§ **Directions for this task**: Beginning with the line of the entries below that holds "Enthralling Gold Pendant" and ending with the line that holds "Personalisierte Weihnachten mit", transcribe each line exactly as written. Pictures stay out.
### Material to process ###
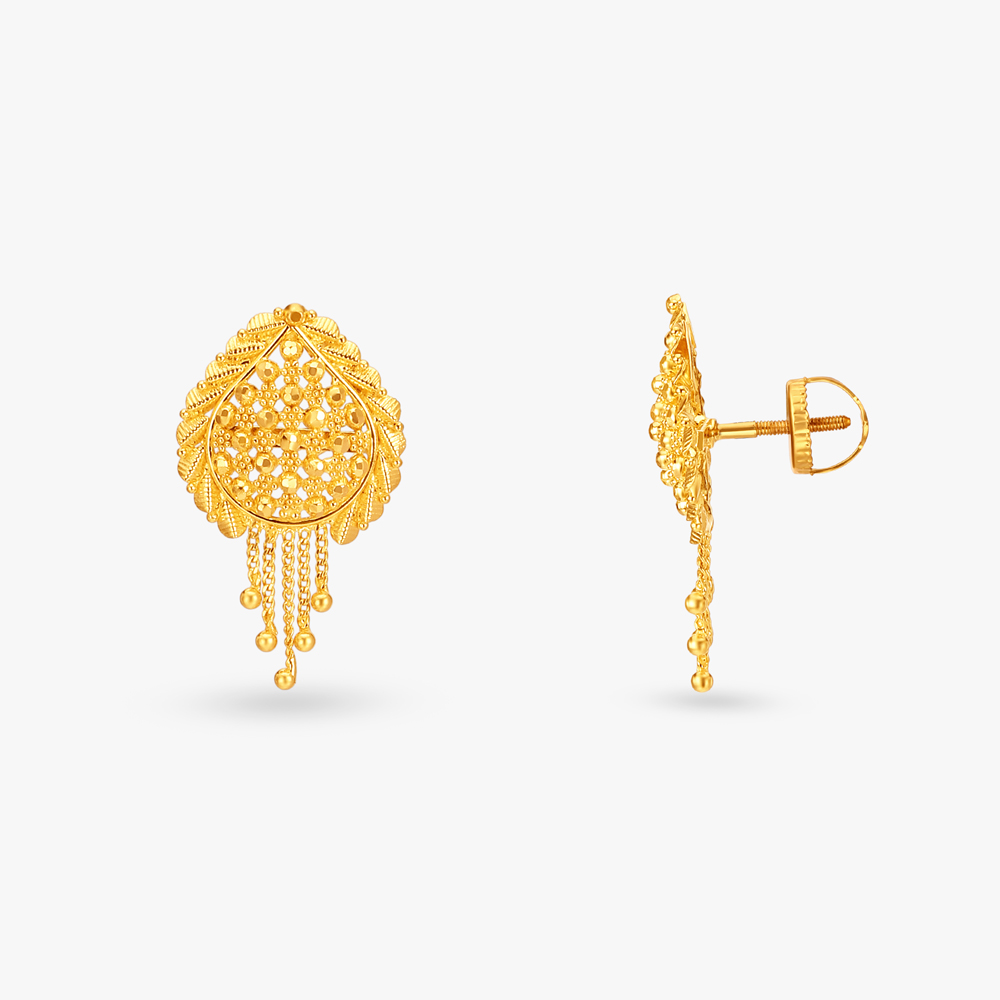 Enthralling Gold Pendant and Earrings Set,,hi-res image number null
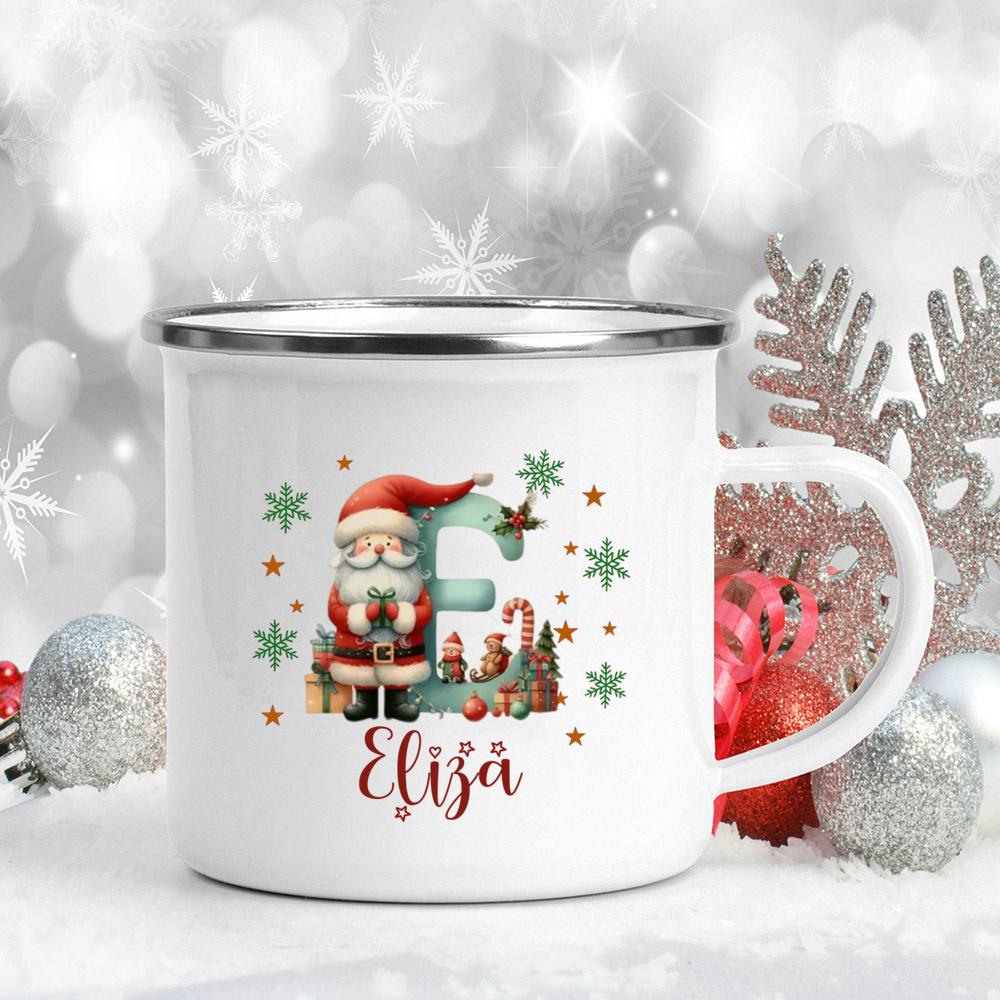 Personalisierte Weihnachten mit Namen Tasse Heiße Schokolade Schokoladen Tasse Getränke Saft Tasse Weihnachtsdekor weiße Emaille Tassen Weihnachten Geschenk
###
### Material to process ###
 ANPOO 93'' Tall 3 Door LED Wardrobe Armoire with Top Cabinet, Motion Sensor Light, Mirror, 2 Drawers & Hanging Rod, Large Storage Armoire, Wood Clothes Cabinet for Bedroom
###
§ **Exercise output**:
 Enthralling Gold Pendant and Earrings Set,,hi-res image number null
 Personalisierte Weihnachten mit Namen Tasse Heiße Schokolade Schokoladen Tasse Getränke Saft Tasse Weihnachtsdekor weiße Emaille Tassen Weihnachten Geschenk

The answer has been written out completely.